You’re Not Better than Your Employees
Software development is a job. Software development management is a job. Just because your employees report to you doesn’t imply you’re somehow smarter or better. A lot of software developers — dare I say most software developers — just plain love being software developers. Don’t you confuse and don’t let your software developers confuse management as career progression — it’s just a different job even if it generally pays a bit more.
One of the worst things you could ever overhear an employee say is that their career is stalled because they haven’t landed a promotion to management. There’s nothing wrong with a lifelong career that keeps your brain engaged in a positive way and software development remains an outstanding career. Developers should want to get into management for only one reason — because that’s what they want to do, not because it’s considered a step up.
Don’t Discount Younger or Older Developers
Younger employees really do have more energy which improves productivity.
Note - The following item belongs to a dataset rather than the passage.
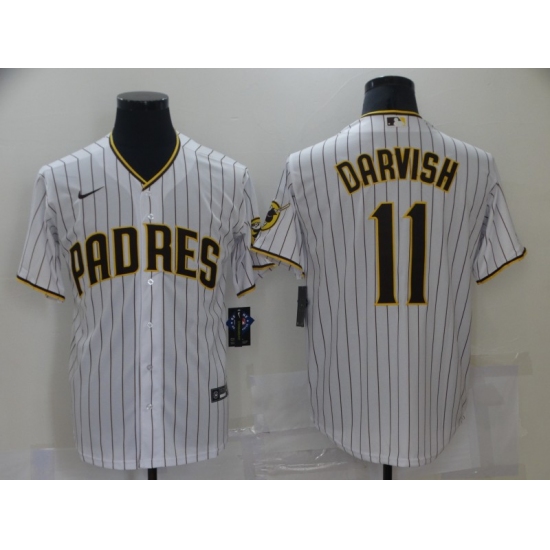 Men's San Diego Padres #11 Yu Darvish Nike White 2021 MLB Jersey - Ujersey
Older employees really do have more experience and wisdom which improves productivity. Build a team with diversity in age and watch them blossom into something more than the sum of their parts.
All ages have an important role to play and the best developer teams I’ve worked with have invariably had people of all age ranges — from their twenties to those approaching retirement age. They complement each other extremely well. The synergy is hard to explain but easy to see from a management perspective. In other words don’t let age play a role in your hiring process and you and your employees will benefit in the end.
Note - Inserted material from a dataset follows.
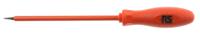911-1095 ITL Insulated Tools Ltd Slotted Insulated Screwdriver, 3 x 0.5 mm Tip, 100 mm Blade, VDE/1000V, 175 mm Overall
Don’t have Stupid Dress Codes
As a manager it’s likely you don’t have a whole lot of say here but if you do, allow your employees to dress casually. You certainly don’t want them going to work with torn up jeans or in their pajamas, but a nice pair of jeans and any decent shirt with a collar should do just fine.
By now humanity has learned that over-the-top dress codes don’t improve productivity or company success. And certainly the only men left wearing neckties should be bankers or lawyers. Okay, I’m kidding about that last part — a little. Let your employees be comfortable. For some of them that’s jeans and a basic collared shirt and for others it’s business casual. They’re adults and you should let them decide.
Summary
This article is a very long-winded way to help you learn how to care for your software development employees with best results. If you properly care for your employees they will take care of you, leading to better product outcomes and higher career satisfaction for both you and them.
This is mostly a compilation of common sense but I felt it needed to be compiled in one place for all those low level software development managers out there. I wish it had existed my first day as a software development manager.
This was all learned on the job through trial and error and I can’t guarantee it’ll work for every team, but I’ve done my best and look forward to feedback. I’m sure it’s by no means complete, but it should get any software development manager on the track to success.